Here comes the expected complaint: Ubuntu is supposed to be the user friendly distro, right?
It seems an unfair thing to say until you experience it, or your loved one does. My SO uses gnome-ubuntu, and I am at a loss to explain why firefox crashes multiple times a week on her PC. On my gentoo box? I think the browser hasn't crashed randomly in...months? And I am on ~arch at least for firefox so they are the same version afaik.
Gentoo doesn't have as many devoted, paid testers from what I understand as Canonical does, so how is their stability relatively worse?
I actually put Arch on my SOs laptop, because I knew that Ubuntu would probably break in some way in a couple of months.
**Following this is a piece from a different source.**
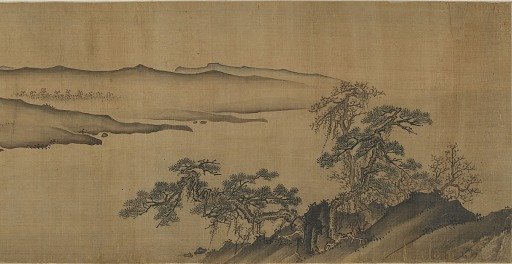 Hills along a river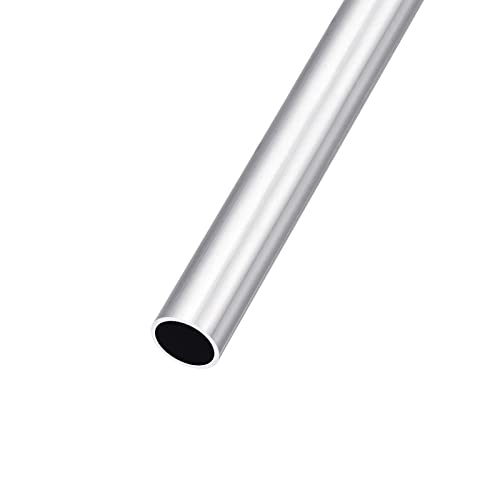 METALLIXITY 6063 Aluminum Tube (14mm OD x 12mm ID x 300mm L), Aluminum Round Tubing - for Home Furnishing, Machinery, DIY Handicraft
But I'd probably go with openSUSE if I needed to reinstall GNU/Linux (the community has put a lot of work into stability as well as having up to date software).
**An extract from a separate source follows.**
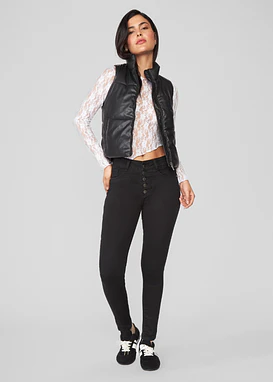 Jeans Mujer Tiro Alto Pitillo 2138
Does arch have something like Software in their gnome 3? My SO isn't as into tech stuff and I wanted it to be easier for them to install stuff without having to google or know apt/emerge/pacman
Yeah, there's front-ends for pacman. They're usually ... okay. The only issue is that you usually need to install stuff from the AUR (which won't ever get updated by default unless your GUI supports yaourt).
How necessary is it to have a separate /boot partition these days though? I have one because my root is LUKS-encrypted, but I think Grub could handle booting from an unencrypted ext4 root. I guess it would still fill up eventually, but maybe not before a re-install for other reasons.
Grub can actually handle booting from an encrypted ext4 root as well, no /boot needed. You do end up entering the password twice by default, but that can be dealt with by using a key file.
The UEFI system partition is mounted at /boot/efi. /boot itself can be a regular filesystem, or part of the root filesystem if you have no unusual requirements.
For maintainability, you might want to consider using /etc/crontab or /etc/cron.d or /etc/cron.daily to store this instead of the root user cron. Especially on servers.
Given that the original title "Refresh hangs indefinitely, appstreamcli using 100% CPU" wouldn't probably have made the front page, yes, I'd say it has been editorialised for added sensationalism, like "failing all over the world"
For me, that is not accurate. If OP wanted to give a bit more context other than the original title, they could have changed it without adding the sensationalist part, for example, "Ubuntu bug breaks apt-get update" or similar.
This afternoon, without applying any of the workaround fixes, I somehow was able to apt update and upgrade appstream. Did they somehow make a server-side fix?